◆ **Extracted entries**
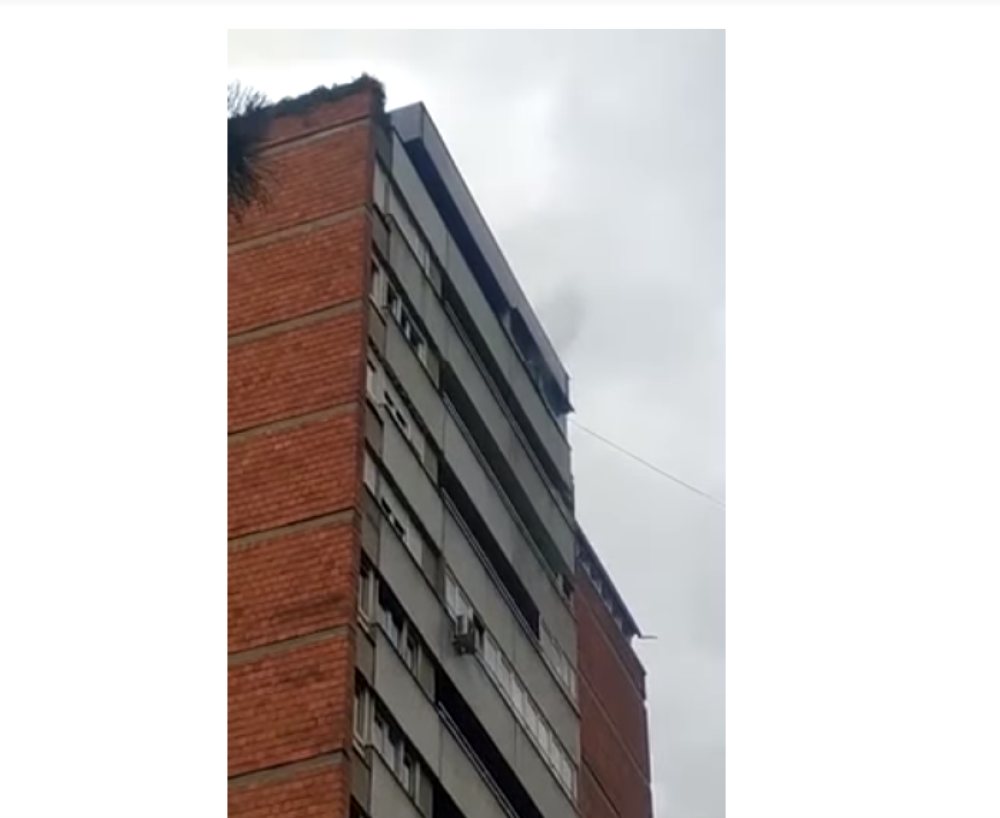 Prošli korz vatrenu stihiju da bi muža i ženu sklonili sa terase odakle su dozivali pomoć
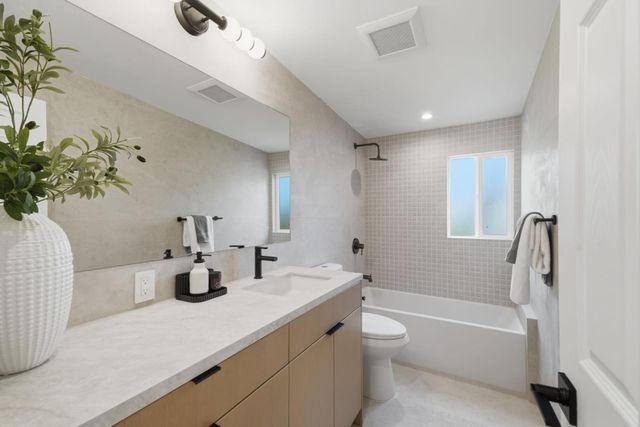 904 Del Monte Place, San Jose, CA 95117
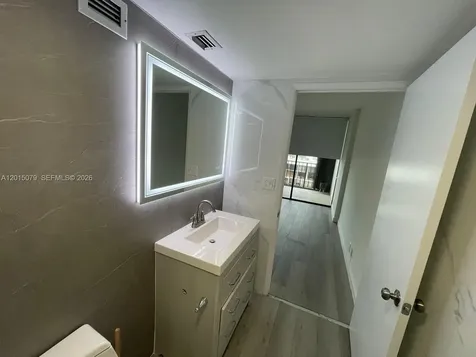 1901 Brickell Avenue Miami FL 33129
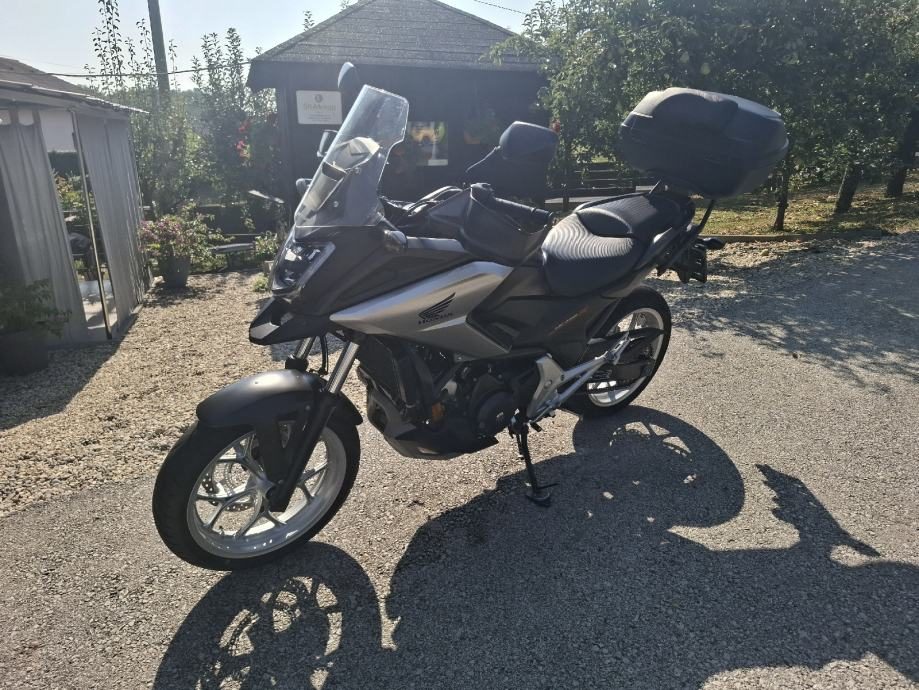 2016 Honda NC750XA — fotografija 4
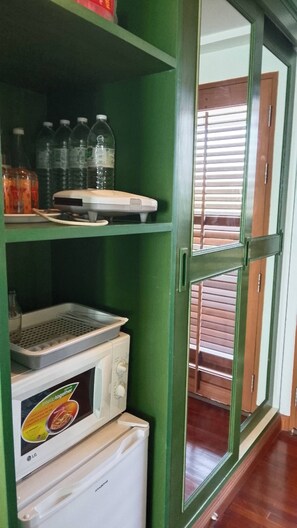 Room, 1 Bedroom, Accessible, Smoking | Bahagian dalam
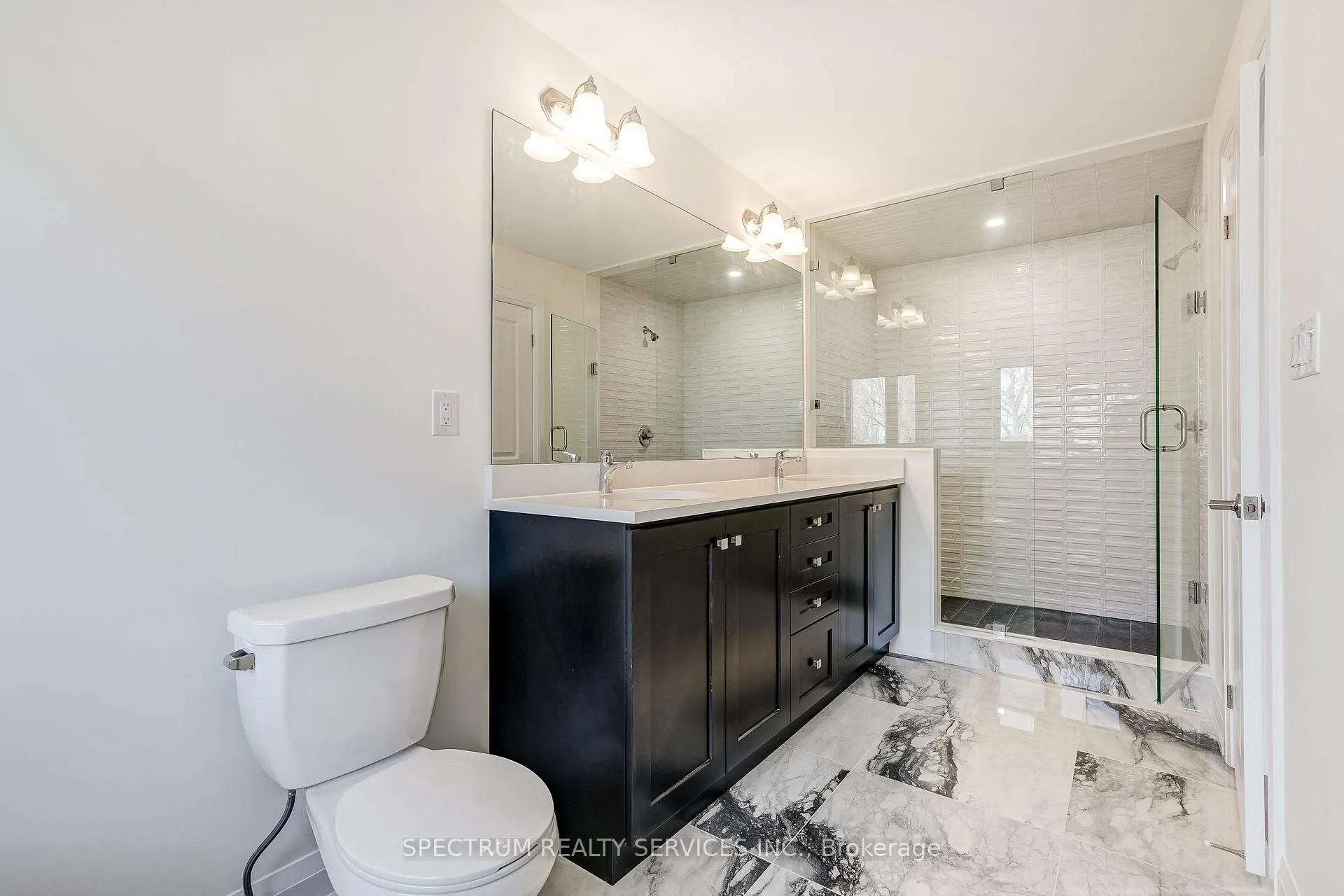 Photo 27 of 28 Dore Drive, Brantford — HOMEH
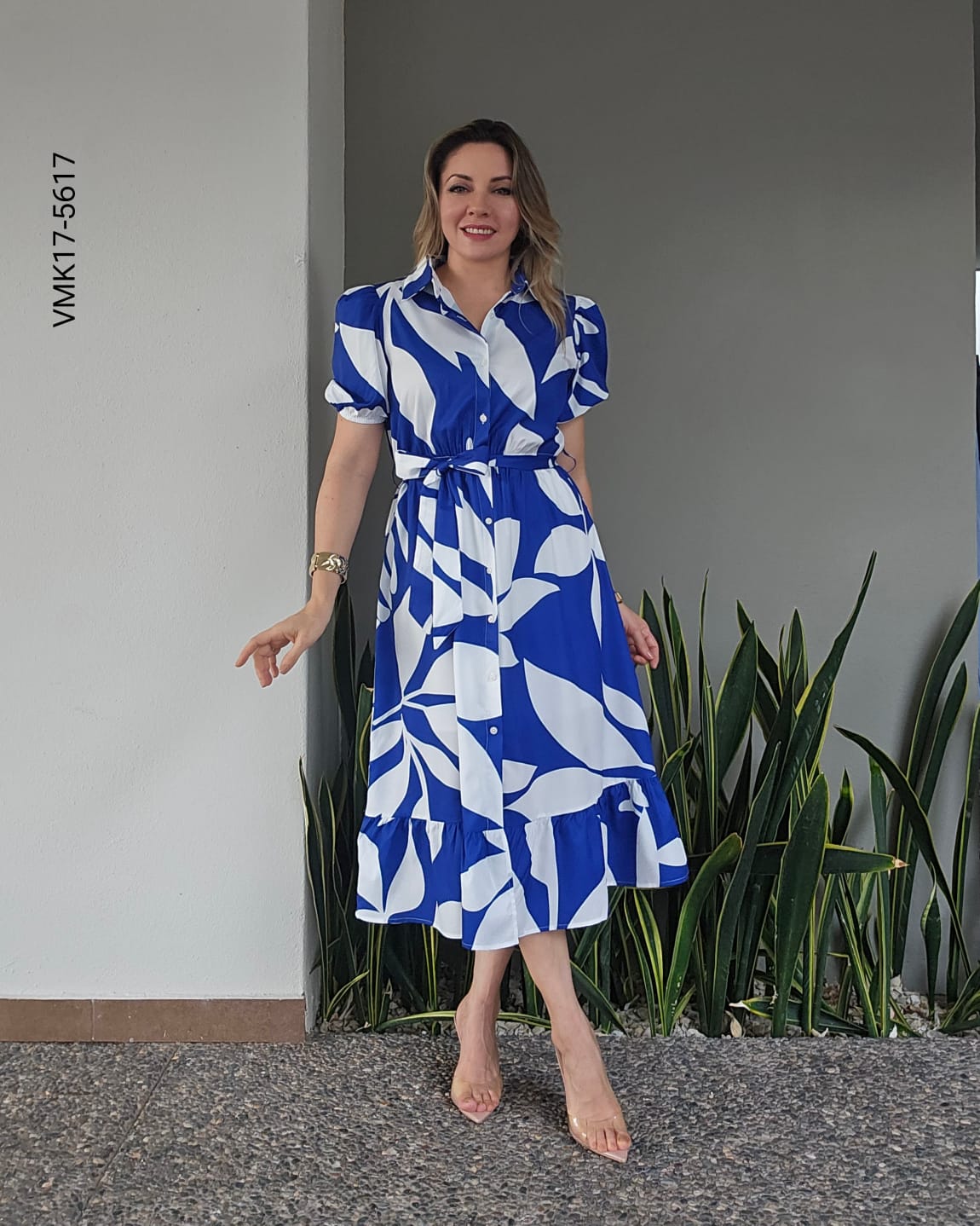 Vestido camisero diseño fresco floral Q 5617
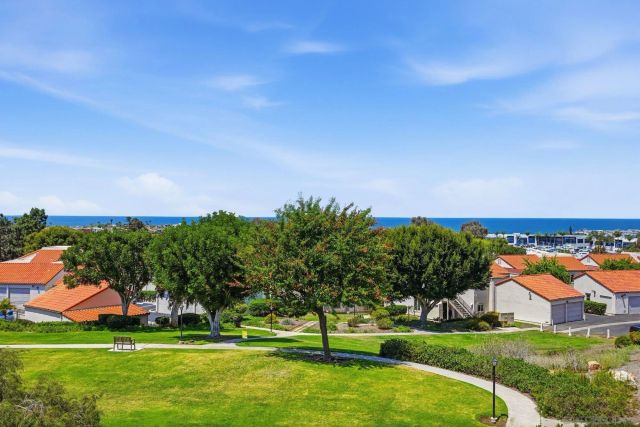 908 Caminito Madrigal Unit H, Carlsbad, CA 92011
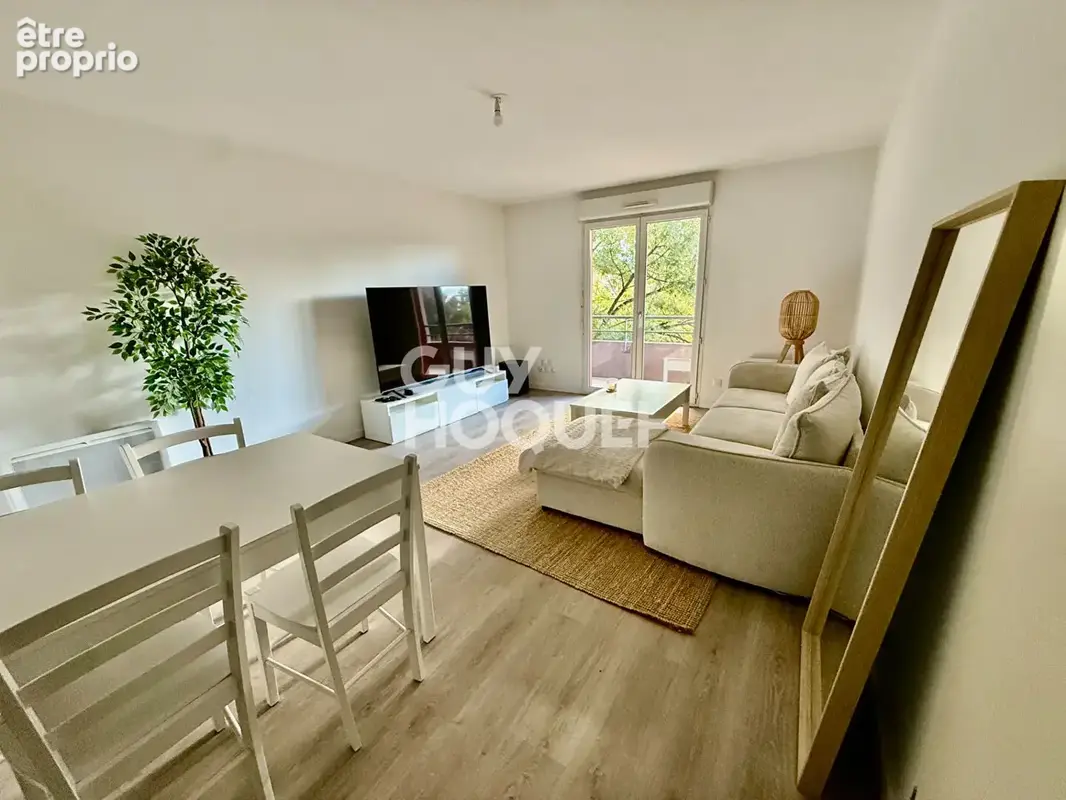 CLERMONT FERRAND - Appartement T2, balcon et parking - photo 5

◆ **Task instructions**
Above are the records; copy from them only the lines starting at the one containing "1901 Brickell Avenue Miami FL 33129" and ending at the one containing "Vestido camisero diseño fresco floral Q 5617", exactly and without pictures.

◆ **Reply to the task**
 1901 Brickell Avenue Miami FL 33129
 2016 Honda NC750XA — fotografija 4
 Room, 1 Bedroom, Accessible, Smoking | Bahagian dalam
 Photo 27 of 28 Dore Drive, Brantford — HOMEH
 Vestido camisero diseño fresco floral Q 5617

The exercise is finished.